Finding a job that pays the bills and affords the worker a certain lifestyle
is the difficult part.

------
tsunamifury
The article never considers that the network effect of humanity may add up to
a more productive whole, even if it appears to be made up of less productive
individuals. This is the very nature of teamwork, and it's a good thing. Young
people have to take longer to figure out what they should do, they can play
and explore more, and make mistakes that don't starve their family.

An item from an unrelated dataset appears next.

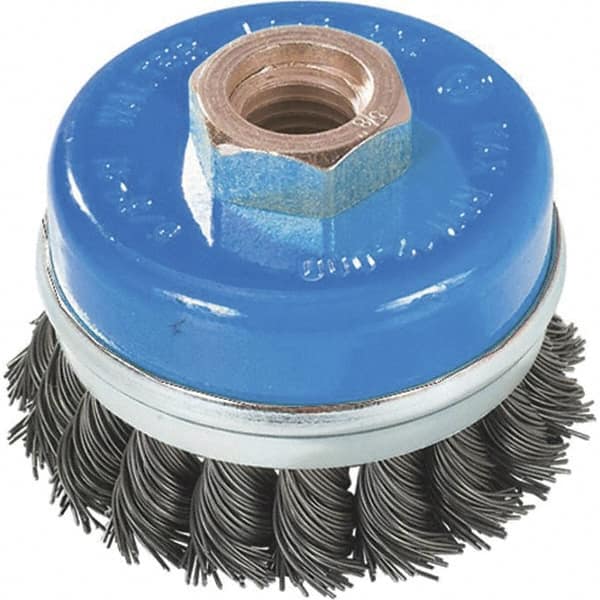 WALTER Surface Technologies - 3" Diam, M14x2.00 Threaded Arbor, Stainless Steel Fill Cup Brush - 0.02 Wire Diam, 12,000 Max RPM - Strong Tooling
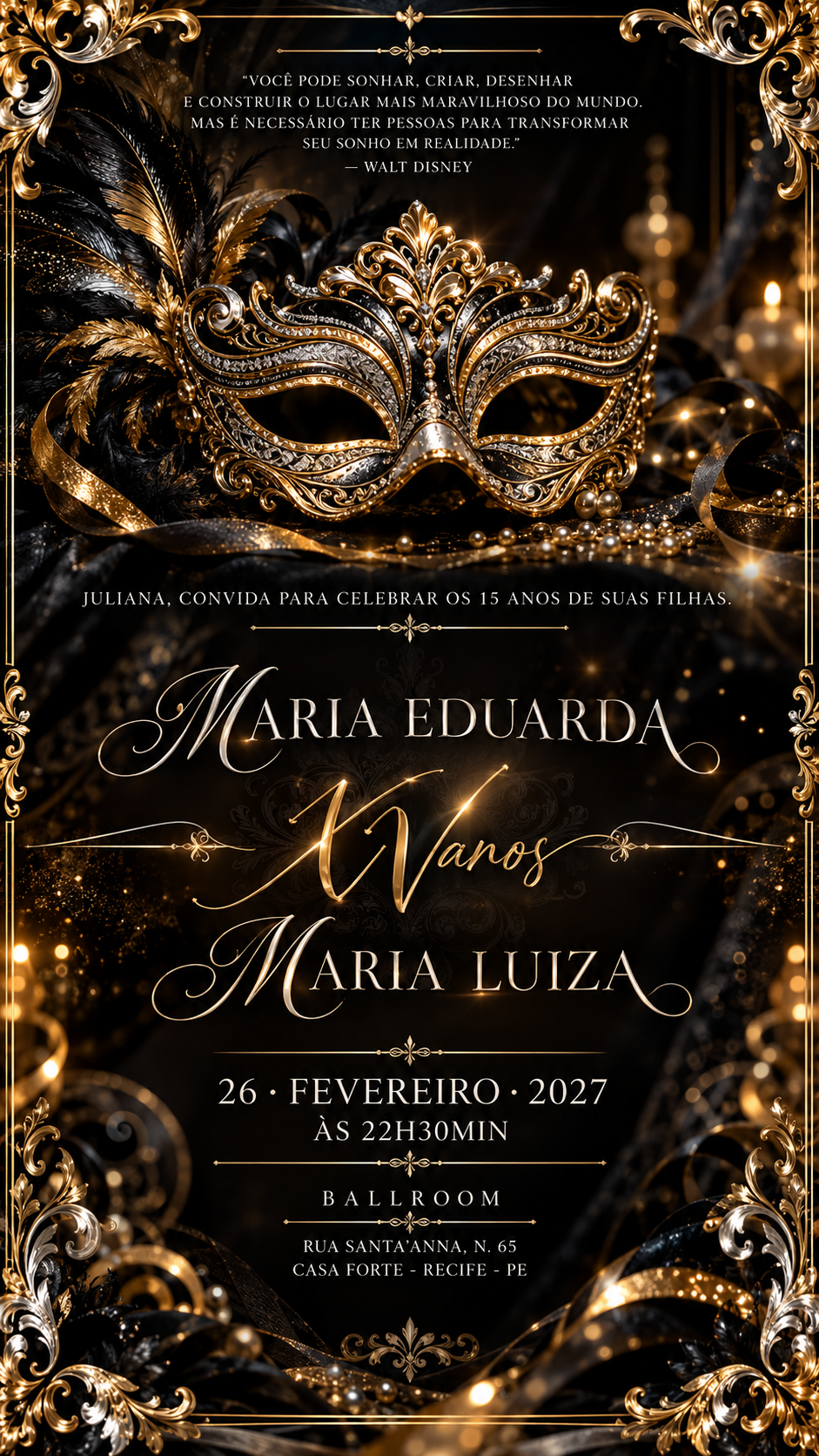 Convite Maria Eduarda e Maria Luiza - XV Anos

I've observed the exact opposite of the folksyism of this article. Young
people with increased play time were able to find more meaningful and more
lucrative long term positions due to the luxury of explorations. Those forced
to "grow up" early ended up in dead end positions due to suboptimization for
short term needs.

But the New Yorker is hung up on the trope of individual success, as is the
cultural center they arise from.

------
jimhefferon
I have the sense I am a lot older than many readers here. So here are two old
man's observations for those with young kids, or those looking forward to that
who read this article. I don't claim these are the most important things, just
that they are things I have seen that others don't seem to comment on.

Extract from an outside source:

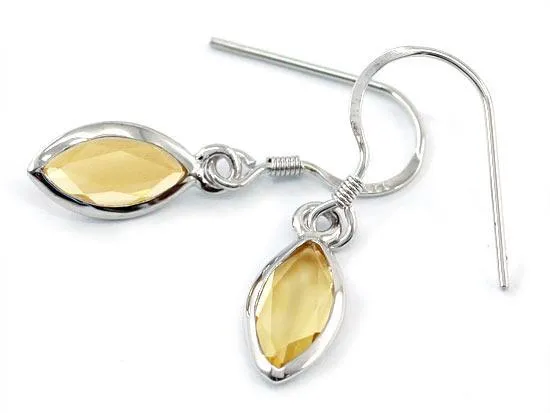 2 Carat Genuine Yellow Citrine 925 Sterling Silver Dangle Fine Earrings MXFE8005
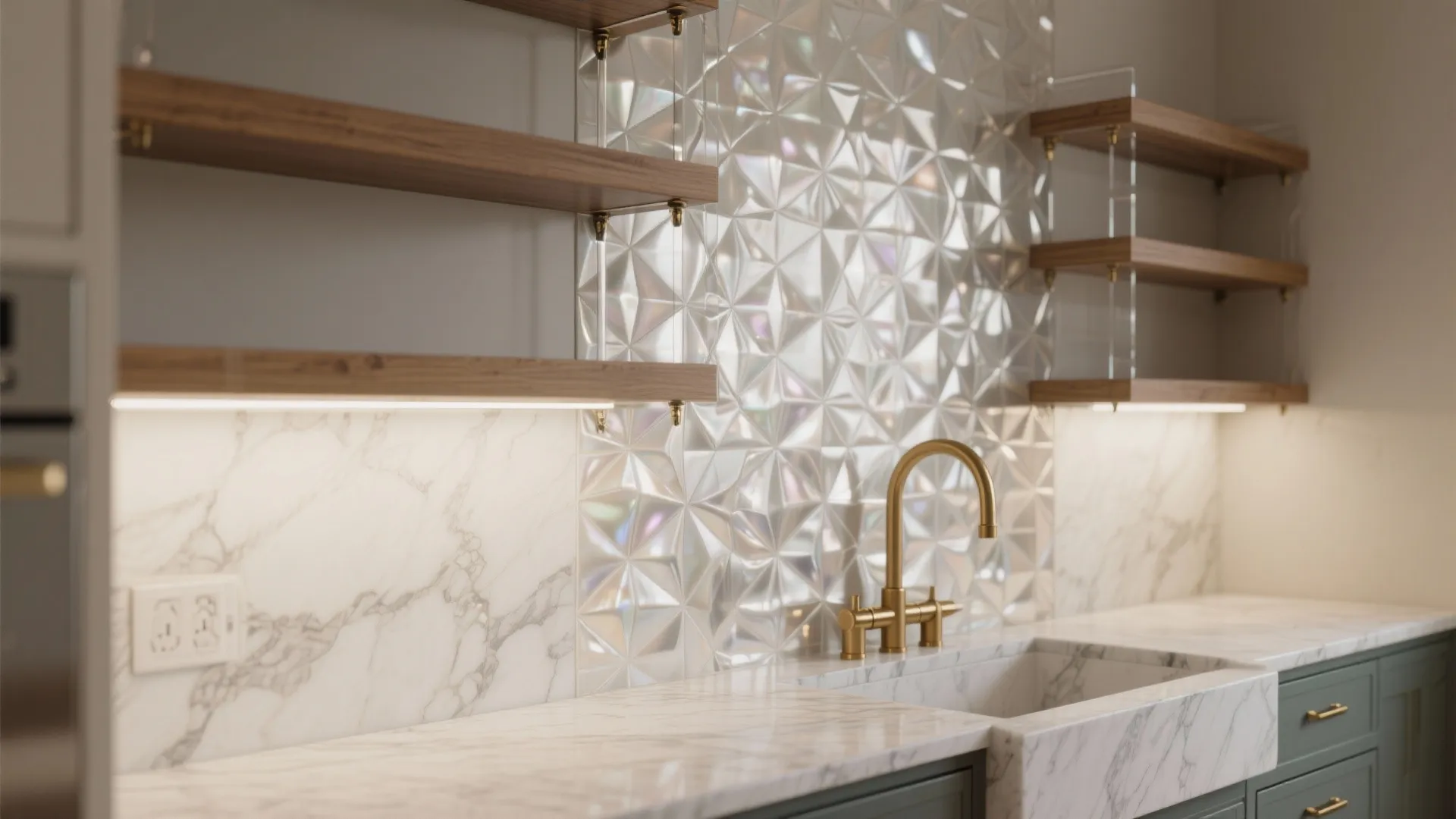 2) Glassy Backsplash Illusion With Reflective Prints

1) In the US at least so many people are living away from family and often
even friends. My wife and I were essentially on our own. We did not have the
wisdom of people who had done it and learned (hence this post and I expect the
article ..). We had the general idea of helping, but I certainly think we
helped too much (our kids are OK, not living at home for one thing).

2) At least some of American parenting ratcheting-up is a contest among
mothers. "I'm a better mother because my daughter takes both piano and horse-
riding." It is not a pretty truth, but it is nonetheless a truth.

------
lisa_henderson
Anyone who has been China can tell you this is wrong:

"With the exception of the imperial offspring of the Ming dynasty and the
dauphins of pre-Revolutionary France, contemporary American kids may represent
the most indulged young people in the history of the world."

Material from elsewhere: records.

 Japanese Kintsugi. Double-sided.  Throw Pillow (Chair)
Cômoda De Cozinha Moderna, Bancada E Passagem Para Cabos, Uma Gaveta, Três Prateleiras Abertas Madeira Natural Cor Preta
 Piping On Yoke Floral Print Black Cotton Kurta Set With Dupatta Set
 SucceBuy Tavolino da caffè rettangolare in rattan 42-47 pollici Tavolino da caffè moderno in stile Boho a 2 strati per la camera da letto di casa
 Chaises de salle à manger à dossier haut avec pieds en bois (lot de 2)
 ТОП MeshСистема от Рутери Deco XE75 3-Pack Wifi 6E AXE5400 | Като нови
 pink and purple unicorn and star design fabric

Affluent kids in China are also very much indulged, mostly by grandparents.

The main factor at work here is not a mystery: the demographic transition that
began in the West around 1850. When families have 20 children, the children
are under pressure to prove their worth to the family, relative to all the
other children. They compete with each other to show their worth. But when a
family only has one child, the parents and grandparents compete to win the
favor of the child.

There are nuances, that vary from country to country, but the primary force at
work here is the demographic transition.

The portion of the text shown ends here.